Gillespie's book belongs to a specific genre--that of establishment Washington. There are dozens of books about politics by political figures who have never been elected to office, and Gillespie is just such a figure--but his book has the distinction of being intelligent, respectful of his opponents, and even occasionally funny.
Now in his third decade in Washington, Gillespie started off as an intern in the congressional office of Democratic congressman Andy Ireland of Florida. But Ireland was a conservative Democrat who was at odds with his party, and in 1984 he announced he would run for reelection as a Republican. Gillespie switched his party affiliation too. It was a good career move. In February 1985, a freshman Republican
congressman from Texas, Dick Armey, hired Gillespie as press secretary. Armey went on to become the first Republican majority leader of the House of Representatives in decades.
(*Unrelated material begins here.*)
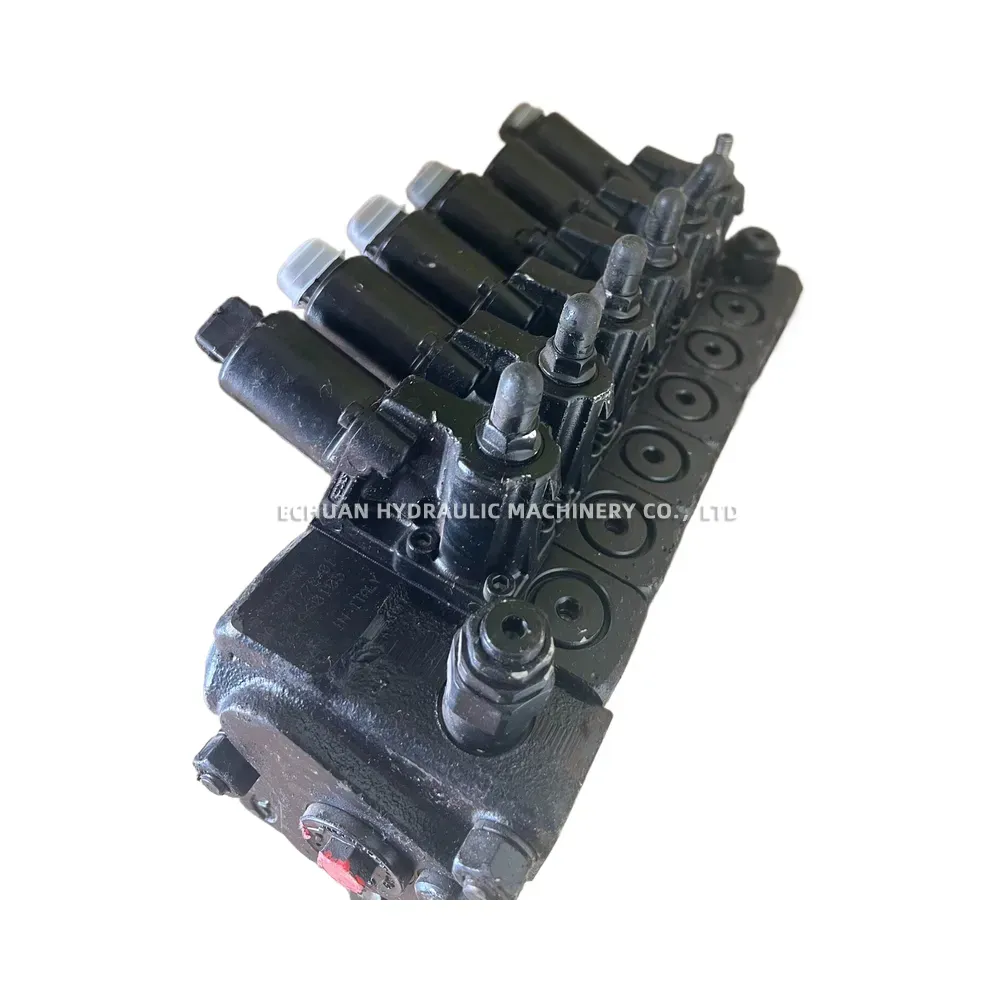 Walvoil PAI S81778/01 Hydraulic Solenoid Directional Control Valve Bank (Sectional Valve Assembly)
Gillespie would leave the Hill to work for Haley Barbour at the Republican National Committee during the 1996 presidential cycle.
The Republican nominee in 1996, Senate majority leader Bob Dole of Kansas, lost. But that didn't alter Gillespie's upward trajectory. He left partisan politics for lobbying and public relations, working first at Barbour's firm, then starting his own. That firm, Quinn Gillespie & Associates, is one of the largest, and certainly one of the most famous, of its kind. (The Quinn in "Quinn Gillespie" is Jack Quinn, former counsel to President Clinton.) Gillespie's career doesn't simply coincide with the Republican ascendancy from Reaganite insurgency to (semi)functioning governing majority. It symbolizes it.
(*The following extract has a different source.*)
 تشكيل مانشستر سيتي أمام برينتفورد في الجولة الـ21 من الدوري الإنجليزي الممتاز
The casual observer of national politics will probably remember Gillespie from the role he played in the 2004 presidential campaign. As chairman of the Republican National Committee, the former RNC intern helped to coordinate communications strategy and was an omnipresent fixture on cable news. Throughout that tumultuous, close-run race, Gillespie had the good fortune to have as a sparring partner Democratic National Committee chair and fellow Catholic University alumn Terry McAuliffe, the Clinton fundraiser. Gillespie calls McAulliffe "the Macker." Off camera, the two are friendly. McAuliffe is "a much nicer guy in person than he comes across on television," Gillespie writes.
One comes to expect such kind words from this author, who has little unkind to say about anyone. This is not a tell-all book. "My first Cardinal Rule of Politics is loyalty," Gillespie writes, which might have figured in his success. His most critical words are directed at the "mainstream media," which he finds biased against Republicans, and--more intriguing--Republican pollster Frank Luntz. Luntz polled for Ross Perot in the 1992 campaign. Also, he conducted some focus groups testing the Republican's 1994 Contract with America. "He used that single task to essentially claim credit for its creation," Gillespie writes disapprovingly, "and made a fortune selling politicians across the globe on the idea." Gillespie continues: "It's unfortunate. A lot of people did a lot more work and had a lot more to do with its conception and development than Frank did . . . Frank is one of those consultants who believe that it's all about him, not the ideas or the candidates."